4. Exploitation of Misconfigured Cloud Services
TeamPCP's success relies on abusing misconfigurations rather than zero-day exploits. They scan for open Docker sockets, unsecured Kubernetes dashboards, and Redis instances without authentication. The React2Shell vulnerability also plays a role, allowing remote code execution. By weaponizing these common oversights, the group can infiltrate environments with minimal effort, then use stolen credentials to expand their foothold.
5. Cloud-First Targeting: Azure and AWS Dominance
According to security firm Flare, TeamPCP focuses almost exclusively on cloud infrastructure rather than endpoints. Their compromised servers are heavily skewed toward Microsoft Azure (61%) and Amazon Web Services (36%), accounting for 97% of their victims. The group bypasses traditional security controls by attacking control planes—the management layers of cloud environments—where misconfigurations are more common.

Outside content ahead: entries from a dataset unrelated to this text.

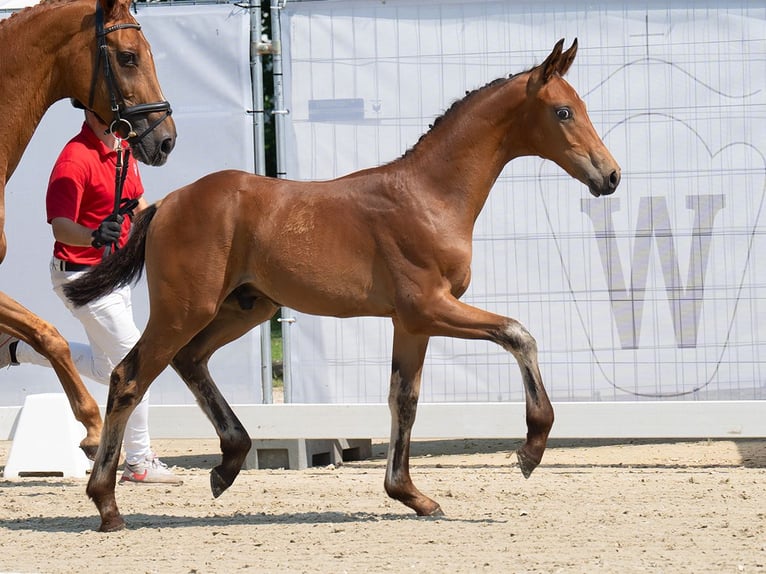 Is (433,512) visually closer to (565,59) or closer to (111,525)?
(111,525)

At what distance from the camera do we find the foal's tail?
19.9 ft

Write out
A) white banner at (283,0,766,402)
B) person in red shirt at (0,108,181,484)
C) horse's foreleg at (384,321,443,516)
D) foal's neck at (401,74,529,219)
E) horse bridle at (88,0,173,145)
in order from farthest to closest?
1. white banner at (283,0,766,402)
2. person in red shirt at (0,108,181,484)
3. horse's foreleg at (384,321,443,516)
4. foal's neck at (401,74,529,219)
5. horse bridle at (88,0,173,145)

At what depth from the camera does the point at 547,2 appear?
7.83m

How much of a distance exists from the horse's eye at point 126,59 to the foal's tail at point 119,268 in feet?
2.47

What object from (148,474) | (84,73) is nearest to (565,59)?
(84,73)

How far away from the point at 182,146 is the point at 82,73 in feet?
7.94

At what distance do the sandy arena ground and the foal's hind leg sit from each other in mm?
256

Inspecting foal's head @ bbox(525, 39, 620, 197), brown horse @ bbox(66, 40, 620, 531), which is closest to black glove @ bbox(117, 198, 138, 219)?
brown horse @ bbox(66, 40, 620, 531)

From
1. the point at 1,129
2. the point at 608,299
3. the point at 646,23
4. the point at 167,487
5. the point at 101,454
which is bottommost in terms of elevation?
the point at 167,487

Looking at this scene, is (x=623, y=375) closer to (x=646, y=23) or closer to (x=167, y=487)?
(x=646, y=23)

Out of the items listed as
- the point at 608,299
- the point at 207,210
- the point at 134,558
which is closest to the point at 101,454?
the point at 134,558

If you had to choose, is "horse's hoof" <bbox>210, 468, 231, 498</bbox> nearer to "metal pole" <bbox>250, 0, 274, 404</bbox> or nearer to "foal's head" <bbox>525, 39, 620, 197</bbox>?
"metal pole" <bbox>250, 0, 274, 404</bbox>

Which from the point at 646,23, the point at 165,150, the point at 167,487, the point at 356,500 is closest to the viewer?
the point at 165,150

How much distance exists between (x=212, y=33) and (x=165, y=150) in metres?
2.68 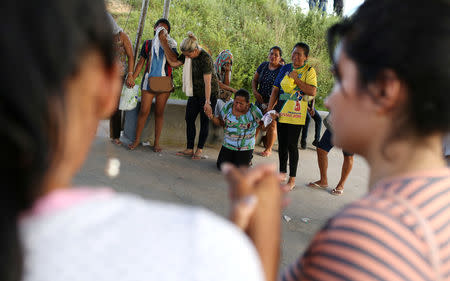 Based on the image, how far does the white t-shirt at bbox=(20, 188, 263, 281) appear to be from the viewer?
478mm

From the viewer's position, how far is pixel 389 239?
26.4 inches

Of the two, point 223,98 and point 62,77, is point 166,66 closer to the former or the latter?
point 223,98

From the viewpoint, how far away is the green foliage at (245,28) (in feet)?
31.1

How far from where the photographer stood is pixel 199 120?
20.4 ft

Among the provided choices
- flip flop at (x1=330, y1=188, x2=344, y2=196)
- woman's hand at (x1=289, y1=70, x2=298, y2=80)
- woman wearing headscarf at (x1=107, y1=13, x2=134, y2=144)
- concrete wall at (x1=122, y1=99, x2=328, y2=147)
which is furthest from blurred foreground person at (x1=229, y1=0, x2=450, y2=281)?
concrete wall at (x1=122, y1=99, x2=328, y2=147)

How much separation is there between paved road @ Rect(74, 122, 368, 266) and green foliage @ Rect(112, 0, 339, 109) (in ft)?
10.5

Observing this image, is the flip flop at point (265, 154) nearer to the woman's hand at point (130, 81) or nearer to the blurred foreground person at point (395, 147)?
the woman's hand at point (130, 81)

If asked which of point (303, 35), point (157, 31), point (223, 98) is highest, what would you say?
point (303, 35)

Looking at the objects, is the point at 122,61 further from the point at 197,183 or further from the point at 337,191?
the point at 337,191

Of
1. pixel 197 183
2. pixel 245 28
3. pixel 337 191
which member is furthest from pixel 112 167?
pixel 245 28

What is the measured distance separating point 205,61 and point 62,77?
5.01 m

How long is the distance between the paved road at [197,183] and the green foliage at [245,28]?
126 inches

6. Industrialized Attack Automation
Flare's research describes TeamPCP's approach as an industrialized exploitation platform. They systematically combine known vulnerabilities, leaked tools, and automated scanning to turn exposed cloud resources into a criminal ecosystem. As Flare's Assaf Morag noted, the group's strength lies not in innovation but in the scale and integration of existing techniques. This enables them to compromise hundreds of servers quickly.

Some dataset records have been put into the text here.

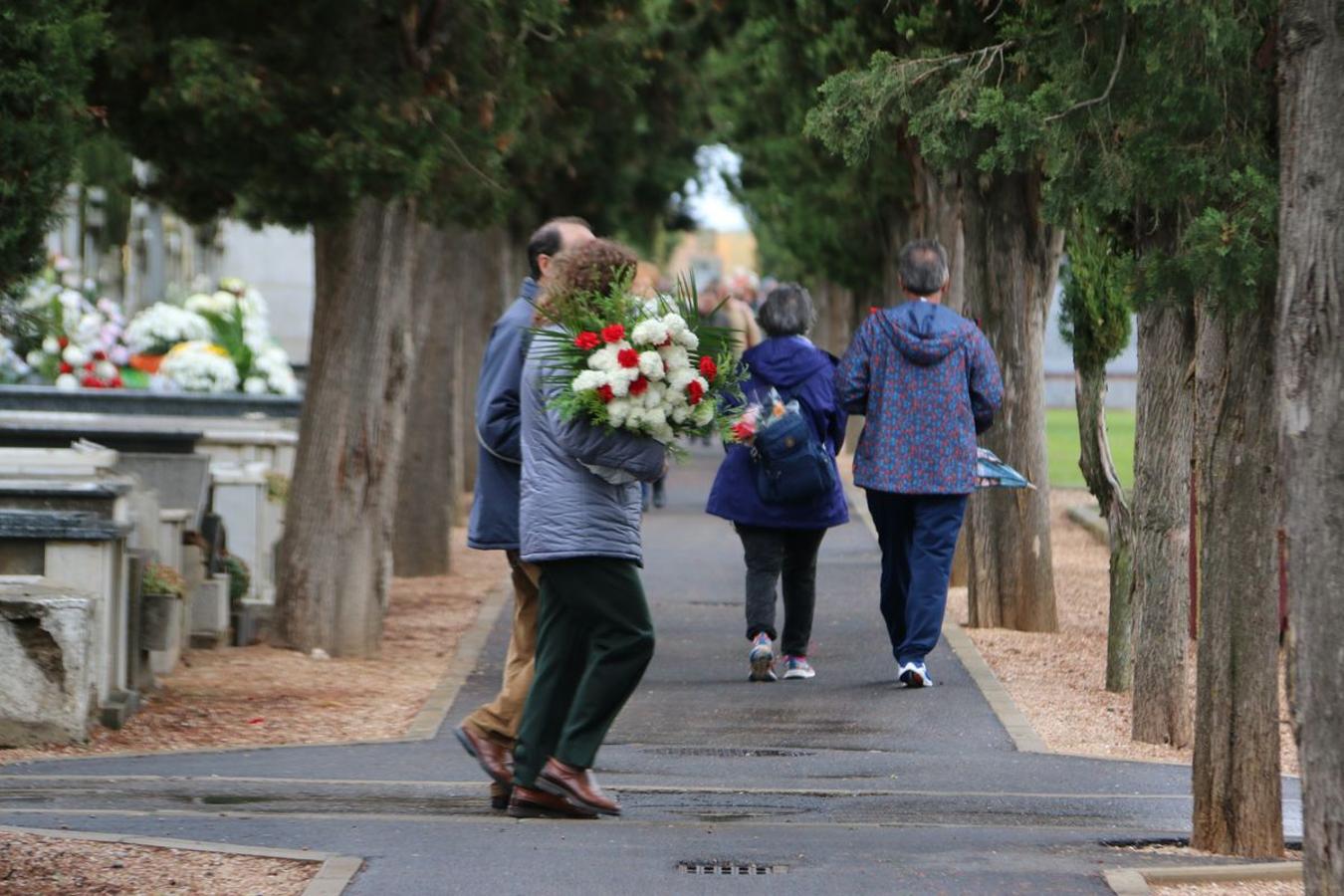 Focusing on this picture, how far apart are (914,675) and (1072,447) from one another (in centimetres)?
2558

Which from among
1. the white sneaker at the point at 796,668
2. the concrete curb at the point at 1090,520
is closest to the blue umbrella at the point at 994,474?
the white sneaker at the point at 796,668

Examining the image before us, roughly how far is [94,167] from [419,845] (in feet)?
52.8

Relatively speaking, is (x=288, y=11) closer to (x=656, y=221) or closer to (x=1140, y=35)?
(x=1140, y=35)

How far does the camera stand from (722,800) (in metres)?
7.50

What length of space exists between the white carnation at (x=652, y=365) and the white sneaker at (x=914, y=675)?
13.4 ft

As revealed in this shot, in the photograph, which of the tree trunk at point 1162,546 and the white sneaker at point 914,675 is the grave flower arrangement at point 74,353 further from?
the tree trunk at point 1162,546

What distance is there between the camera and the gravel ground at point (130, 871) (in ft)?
18.5

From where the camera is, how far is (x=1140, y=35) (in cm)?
688

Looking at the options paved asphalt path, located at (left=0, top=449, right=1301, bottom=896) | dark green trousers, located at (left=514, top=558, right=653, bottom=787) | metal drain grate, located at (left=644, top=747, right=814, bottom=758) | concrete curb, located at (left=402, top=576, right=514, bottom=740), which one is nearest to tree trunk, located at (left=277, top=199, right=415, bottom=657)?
concrete curb, located at (left=402, top=576, right=514, bottom=740)

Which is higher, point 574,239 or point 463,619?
point 574,239

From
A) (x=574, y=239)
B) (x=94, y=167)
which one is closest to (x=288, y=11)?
(x=574, y=239)

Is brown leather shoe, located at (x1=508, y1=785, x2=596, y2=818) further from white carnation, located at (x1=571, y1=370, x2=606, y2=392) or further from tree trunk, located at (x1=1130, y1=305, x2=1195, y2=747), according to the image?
tree trunk, located at (x1=1130, y1=305, x2=1195, y2=747)

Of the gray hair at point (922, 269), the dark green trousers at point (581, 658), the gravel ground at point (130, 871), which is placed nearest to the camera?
the gravel ground at point (130, 871)

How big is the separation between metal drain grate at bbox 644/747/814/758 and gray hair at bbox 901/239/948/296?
8.12 feet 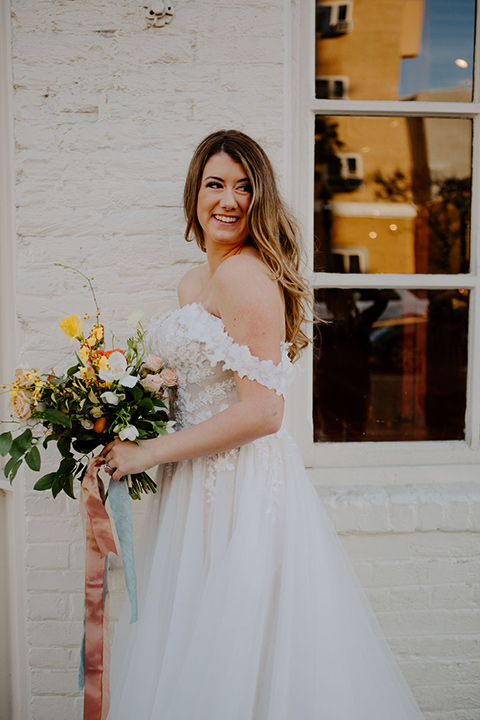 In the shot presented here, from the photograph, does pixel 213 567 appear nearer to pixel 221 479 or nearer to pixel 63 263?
pixel 221 479

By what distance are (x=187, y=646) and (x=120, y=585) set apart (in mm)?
806

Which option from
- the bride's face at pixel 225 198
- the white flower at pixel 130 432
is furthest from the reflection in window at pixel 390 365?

7. Supply Chain Poisoning of Trivy Scanner
On March 19, 2025, TeamPCP executed a supply chain attack on the popular vulnerability scanner Trivy by Aqua Security. They injected credential-stealing malware into official releases through compromised GitHub Actions. The malicious versions captured SSH keys, cloud tokens, Kubernetes secrets, and cryptocurrency wallets from users. Although Aqua Security removed the harmful files, the incident demonstrated the group's ability to infiltrate trusted software supply chains.
8. Cluster-Wide Data Destruction
Security researcher Charlie Eriksen from Aiko.io disclosed that the same infrastructure used in the Trivy attack deployed the wiper payload over the weekend. If the victim's machine is determined to be in Iran and has access to a Kubernetes cluster, the wiper destroys data on every node in that cluster. If no cluster is present, it wipes the local machine instead. This capability makes the attack devastating for organizations reliant on containerized environments.
The CanisterWorm campaign blurs the line between cybercrime and state-targeted sabotage. By leveraging automated cloud exploitation and a conditional wiper, TeamPCP has created a threat that is both financially motivated and politically charged. Organizations operating in or serving Iran should immediately review their cloud security postures and monitor for signs of TeamPCP's infrastructure. The use of blockchain-based canisters for command and control adds a layer of resilience that makes takedowns difficult. As this group continues to evolve, defenders must adapt to their industrial scale.